La rubrique «les attentes des citoyens» introduite dans le conducteur du jt de la première chaîne publique en prélude à la campagne électorale a été un moment édifiant.
Elle nous a offert un vrai voyage, géographique à travers la carte du pays de Dakhla à Figuig et Tanger mais un voyage dans l’imaginaire de nos concitoyens et les représentations qui l’animent. Un premier constat se dégage sur l’énorme déficit de la culture politique des gens interviewés. Certes, un micro trottoir reste un dispositif médiatique à la portée significative limitée par les contraintes du montage : on a fait dire aux gens ce que l’on a bien voulu leur faire dire. Mais pour l’essentiel le constat est le même. On a appris ainsi que les attentes des gens se réduisent, en majorité à des questions de la vie quotidienne : la question du transport collectif à Kénitra, l’absence de la sécurité et la nécessité d’un commissariat à Ain Aouda dans la banlieue de Rabat, la question de l’emploi des jeunes à Berkane et Dakhla… bref on a eu droit à un cahier revendicatif digne d’une campagne pour les communales et non pour les législatives. Le lexique politique pour sa part est non seulement limité mais inapproprié : on parle de la qualité du « candidat » en lieu et place du «député». Le bilan final de cette expérience audiovisuelle est que la culture parlementaire est loin d’avoir atteint le public du pays profond, au-delà du cercle des initiés et des professionnels.

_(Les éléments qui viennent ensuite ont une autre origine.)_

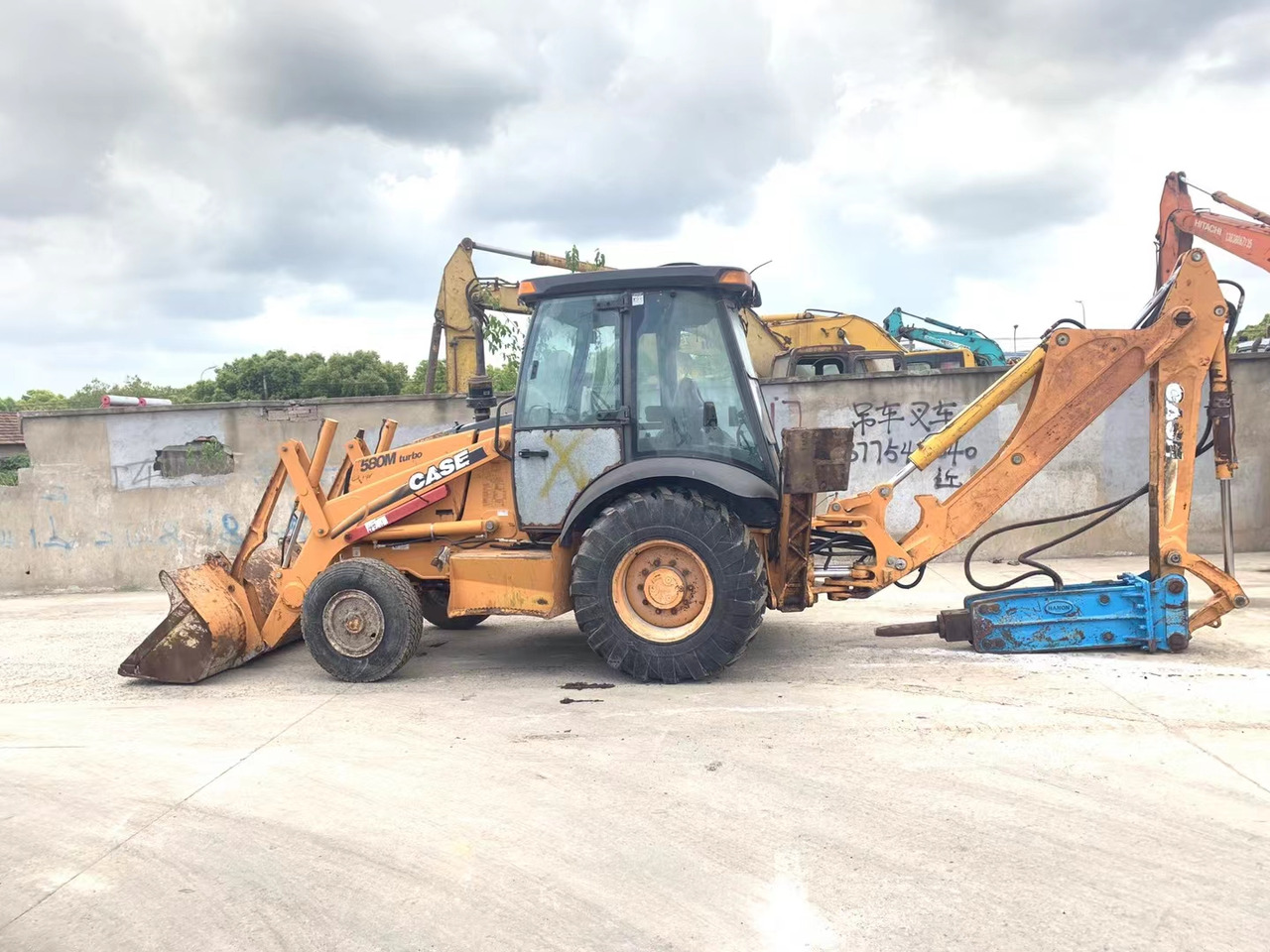CASE 580M - Máy xúc trước múc sau: hình 3 CASE 580M - Máy xúc trước múc sau: hình 3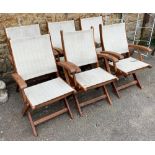 A set of six teak framed folding garden chairs
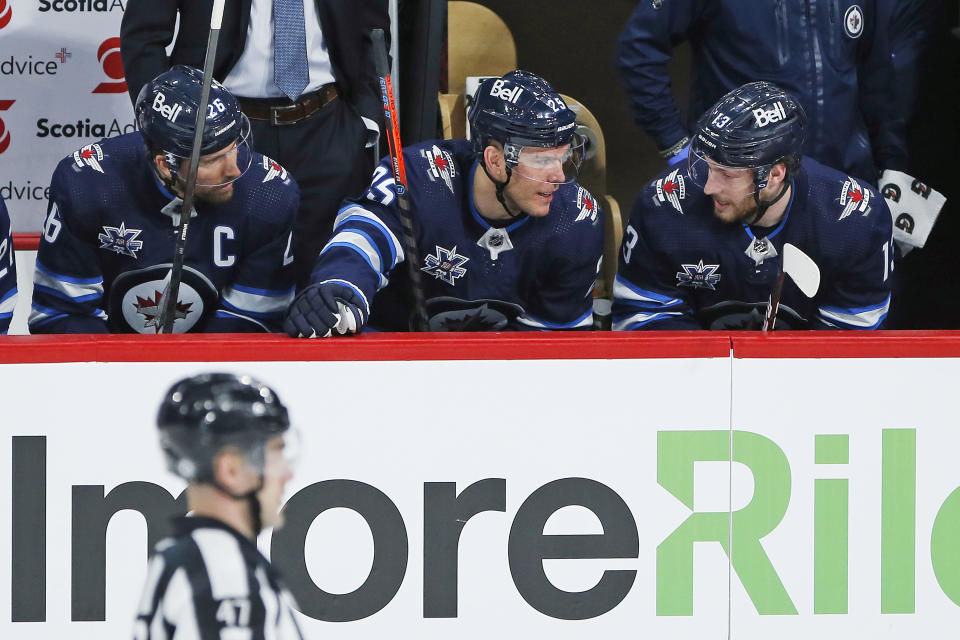 FILE - In this March 31, 2021, file photo, Winnipeg Jets' Blake Wheeler (26), Paul Stastny (25) and Pierre-Luc Dubois (13) talk between shifts during the first period of an NHL hockey game against the Toronto Maple Leafs in Winnipeg, Manitoba. Dubois is looking forward to finally getting to know his Jets teammates after spending much of last season in Winnipeg isolated from them due to COVID-19 protocols coupled with a rash of injuries. (John Woods/The Canadian Press via AP, File)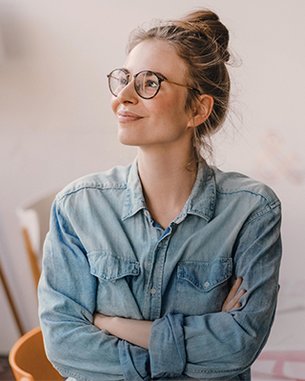 Junge Frau mit Brille und einem lässigen Jeanshemd, die mit verschränkten Armen nachdenklich schaut. Im Hintergrund sind Möbel und eine Lampe sichtbar.
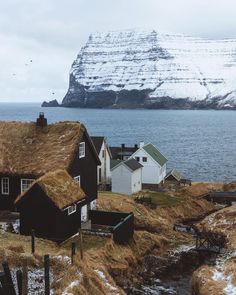 several small houses with grass roofs near the water and snow covered mountains in the background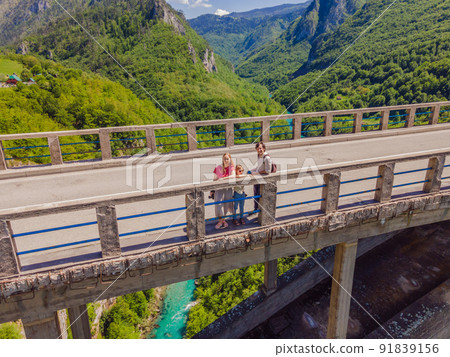 Montenegro. Happy family tourists in background of Dzhurdzhevich Bridge Over The River Tara. Travel around Montenegro concept. Sights of Montenegro 91839156
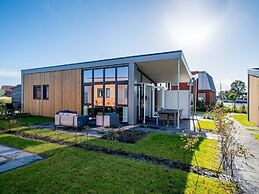 Bungalow With an Outdoor Fireplace by Water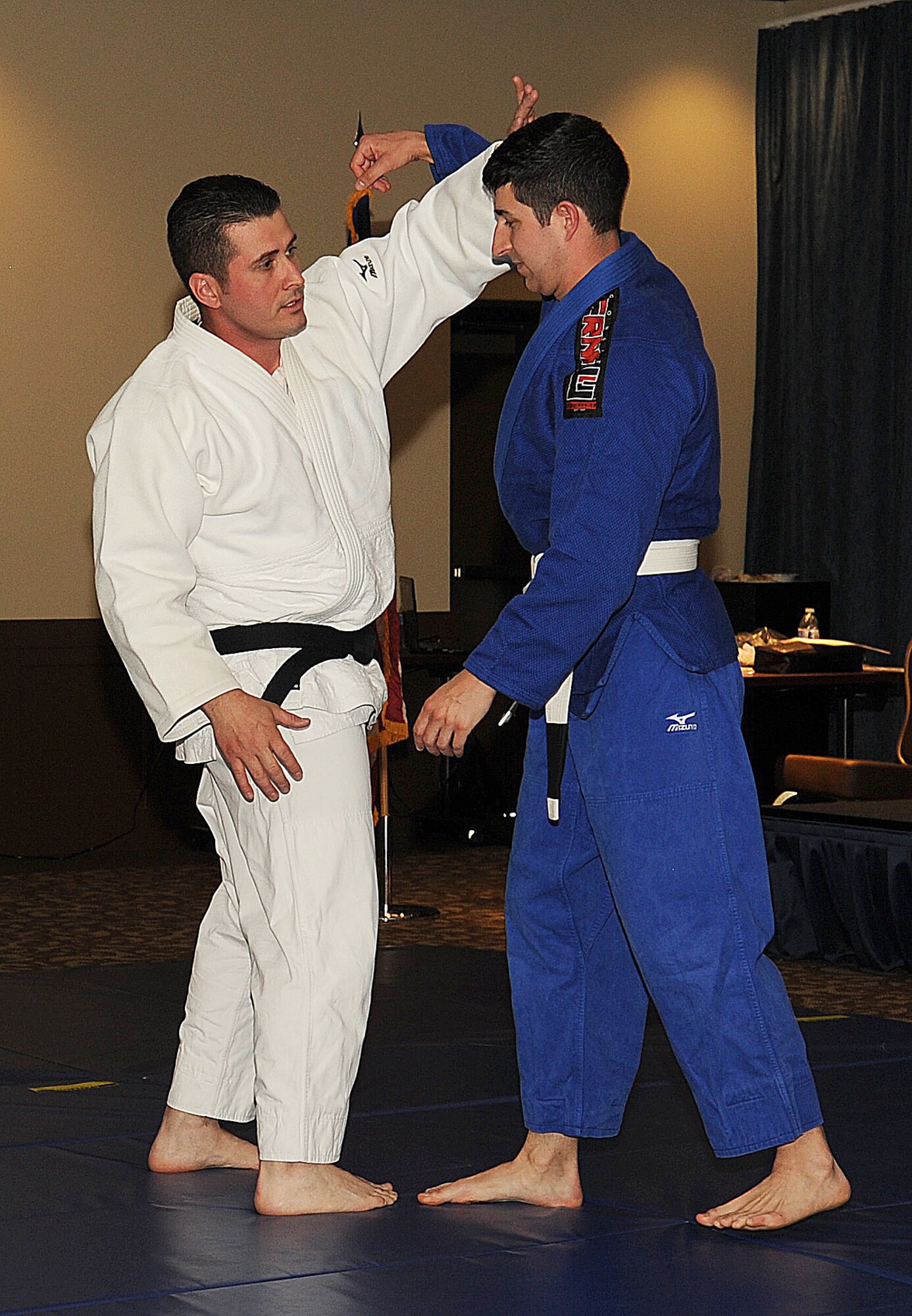 Tech. Sgt. Bruno Lima and Staff Sgt. Kevin Scott demonstrate a Judo move at the Asian Pacific American Heritage event in the Red Morgan Event Center at Fairchild Air Force Base, Wash. May 14, 2014. Judo was one of few demonstrations along with samples of Asian cuisine at the event. Lima is a 66th Training Squadron military training leader and Scott is a 92nd Force Support Squadron Airman Leadership School instructor. (U.S. Air Force photo by Staff Sgt. Samantha Krolikowski/Released)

Peut-être que les questions du journaliste induisaient les citoyens sur la piste de la revendication spontanée. «Qu’attendez-vous du futur parlementaire ?», la question aurait pu être formulée autrement. Par exemple : «qu’est-ce pour vous un bon parlement ?».
Pour les spécialistes de la science politique, trois critères simples en apparence aident à définir un bon parlement :
- C’est un parlement qui représente bien le pays
- C’est un parlement qui légifère bien
- C’est un parlement qui contrôle bien l’Exécutif.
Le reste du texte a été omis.